La marque est un élément essentiel dans la stratégie commerciale d’une entreprise, qu’il convient donc de protéger. La Cour de justice de la communauté européenne rappelle en effet dans un arrêt du 12 novembre 2002 que la fonction essentielle de la marque est de garantir au consommateur l’origine véritable d’un produit ou service (CJCE 12/11/2002 Arsenal Football Club c/ Matthew Reed).
Cependant, cette sauvegarde de la marque ne doit pas entraver d’autres principes comme celui de la liberté d’entreprendre.
Une déchéance classique des droits pour défaut d’exploitation
Dans cette optique, la Directive 2015/2436 rappelle dans son article 16 que le propriétaire de la marque qui n’en fait pas un usage sérieux, pour les produits et services visés dans l’enregistrement, pendant une période ininterrompue de 5 ans encourt la déchéance de ses droits pour défaut d’exploitation. Cette disposition ne s’applique toutefois pas s’il existe des justes motifs à la non-exploitation de la marque.
C’est ce qui ressort également de l’article L. 714-5 du Code de la propriété intellectuelle français, qui dispose de surcroît que « la déchéance peut être demandée en justice par toute personne intéressée ».
La procédure administrative : une innovation de la Directive
La Directive européenne 2015/2436 apporte un progrès important dans le panorama du droit des marques et de la déchéance des droits pour défaut d’exploitation. Son article 45 dispose effectivement que « sans préjudice du droit des parties de former un recours devant les juridictions, les Etats membres prévoient une procédure administrative efficace et rapide devant leurs offices permettant de demander la déchéance ou la nullité d’une marque ».
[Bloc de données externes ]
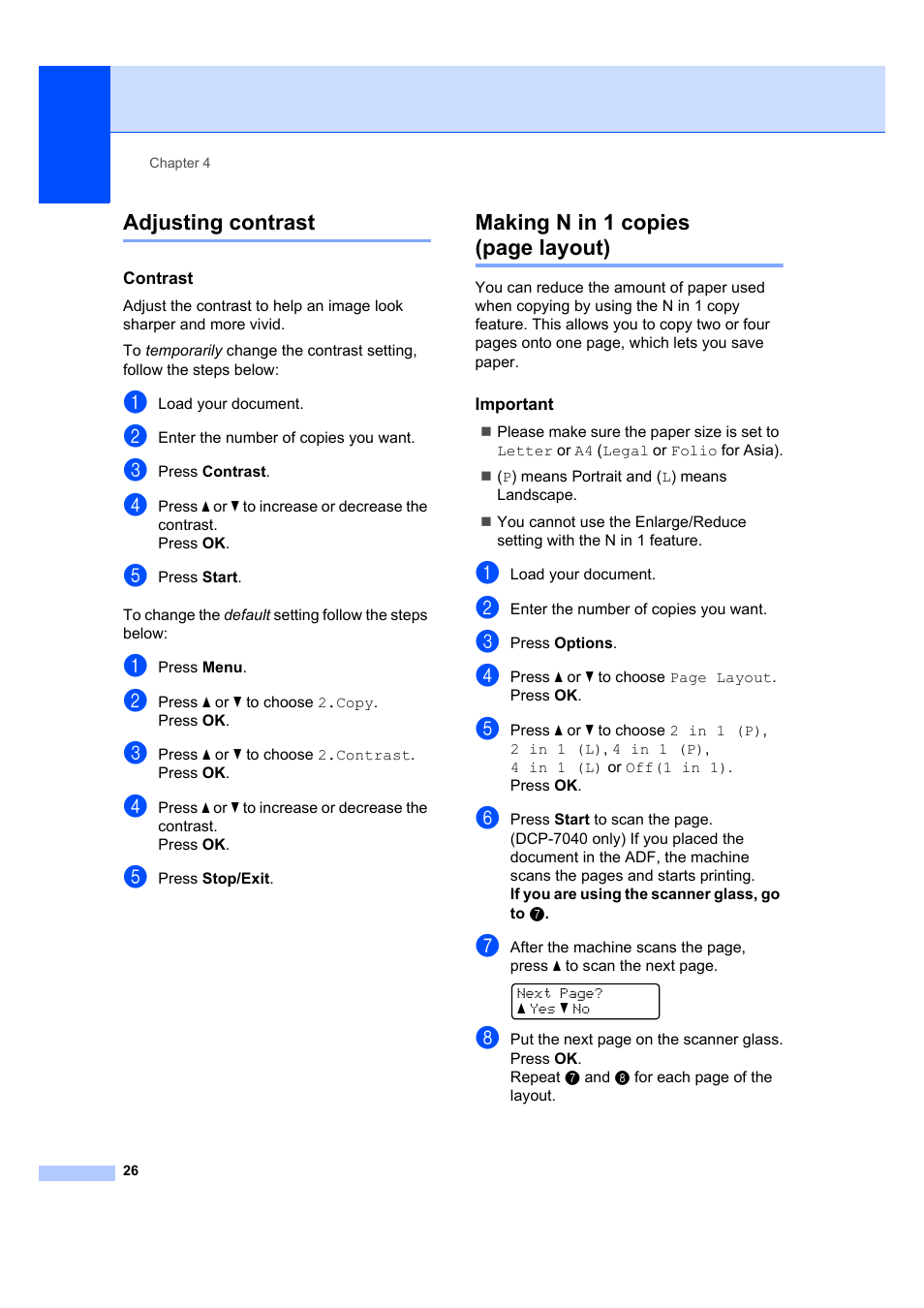 Adjusting contrast, Contrast, Important | Making n in 1 copies (page layout) | Brother DCP-7040 User Manual | Page 32 / 103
Cette procédure administrative de déchéance pour défaut d’exploitation était déjà en place dans un certain nombre de pays de l’Union européenne. Cela étant, d’autres pays comme la France permettaient simplement d’intenter une action devant la juridiction judiciaire.
Cette réforme va alors donner compétence à l’Institut National de la Propriété Industrielle (INPI) de juger une demande en déchéance ou en nullité de la marque. A l’évidence, les parties ont toujours la possibilité, si elles le souhaitent, d’agir devant le juge judiciaire.
Jusqu’à présent, la déchéance pour défaut d’exploitation ne pouvait être invoquée devant l’INPI que, en défense, dans une procédure d’opposition en vertu de l’article R 712-17 du CPI français. Pour réfuter ce moyen de défense, l’opposant n’était pas obligé, devant l’INPI, de démontrer qu’il avait fait un usage sérieux de la marque pour tous les produits qu’il invoquait dans l’opposition (article R 712-17 al. 2 du CPI français). Il suffisait effectivement qu’il démontre un usage sérieux au cours des 5 dernières années pour un seul de ces produits.
Aujourd’hui, du fait de la combinaison des articles 19, 21 et 45 de la directive 2015/2436, le titulaire ne pourra pas se défendre en une demande principale en déchéance en se contentant de démontrer un usage pour un des produits.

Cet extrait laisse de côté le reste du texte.